With a flourish of geeky science fun and a hydraulic excavator to turn the soil, Chapman University celebrated the formal groundbreaking of its Center for Science and Technology on Wednesday, April 27.
The crowd that had gathered at the construction site abutting the north side of Ernie Chapman Stadium erupted in cheers when the ceremonial “shovel” broke ground on the largest facility in the University’s history.
“I have to say that this is probably the most significant event and one that I consider the most fulfilling capstone of my 25 years as president. That’s how important this facility and this occasion is and what we are commemorating today,” President Jim Doti said.
The $130 million 2.25-acre complex will house the Schmid College of Science and Technology and include two halls — the Hall of Science and the Hall of Technology and Engineering. The center is testament to the University’s commitment to research and the education of students who will be leaders in the fast-growing fields of science, said Andrew Lyon, dean of the Schmid College.
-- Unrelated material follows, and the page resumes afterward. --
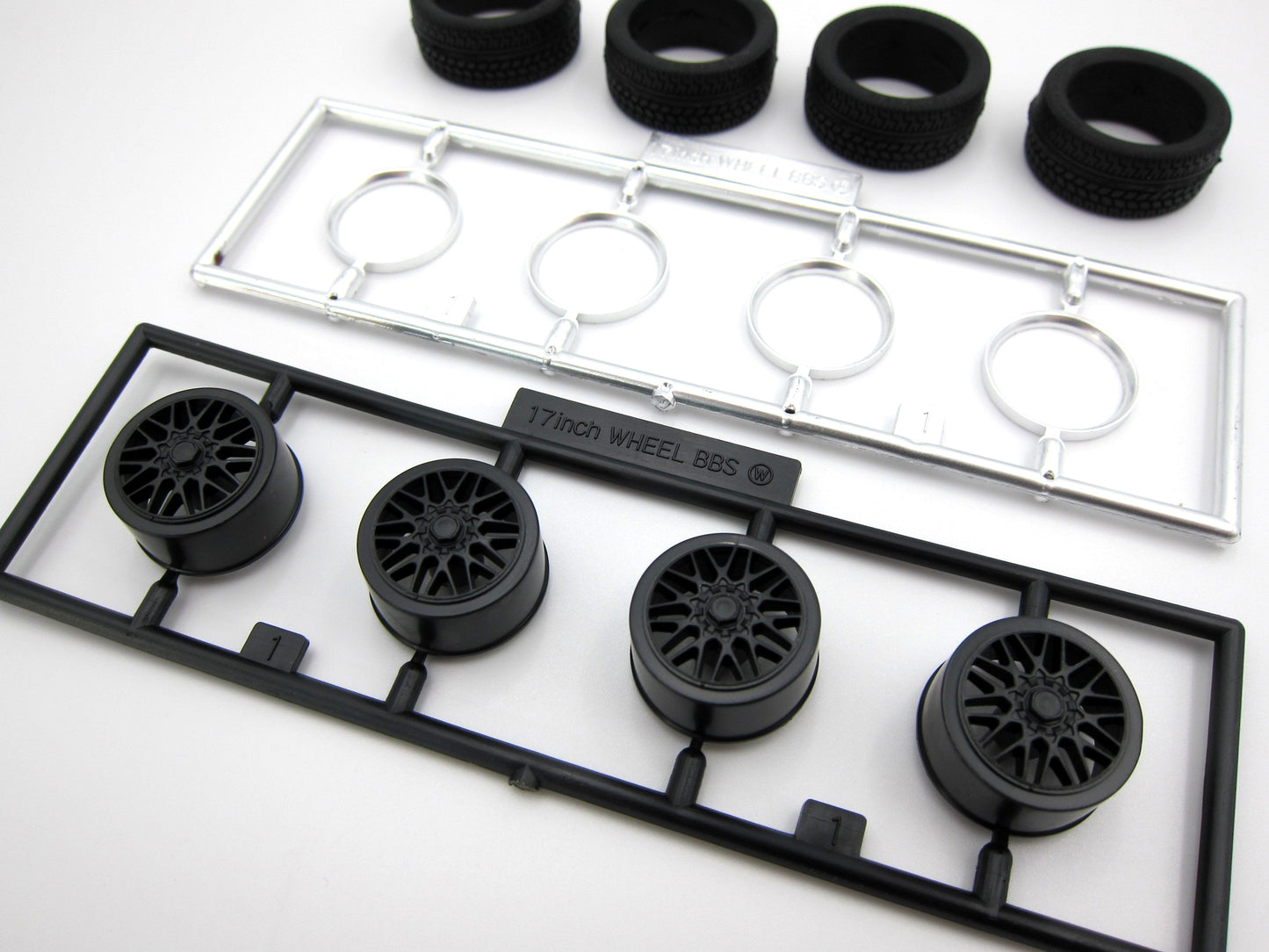 Fujimi 1/24 Nissan Skyline GT-R (R32) Rena [WM-3] Plastic Model Kit Fujimi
“If you build it, they will come. We’ve all heard it a million times. It couldn’t be more true for the sciences at Chapman over the past eight years. We built the programs and they came. Now we need to build our science students and faculty a facility worthy of their passion and vision for the future of the sciences, not just at Chapman, but around the world,” Lyon said. “The meteoric growth of the sciences at Chapman University really speaks to how dedicated people are to seeing through this collective vision, from the donors to the students to the faculty and the administration.”
In a playful tribute to those many visionaries and donors, the administrators along with faculty, alumni and student representatives even performed a demonstration of how catalysts – in this case a mashup of yeast, soap, hydrogen peroxide and food coloring – can deliver big results.
The resulting lava flow of colorful foam that billowed into the air and spilled onto the platform delighted the audience. But it was symbolic of something far more lasting, Struppa said.
“In these last 10 years we went from an idea, a purpose, and a desire to something that is extremely concrete,” Struppa said. “What we really appreciate is how this community has come together to help us.”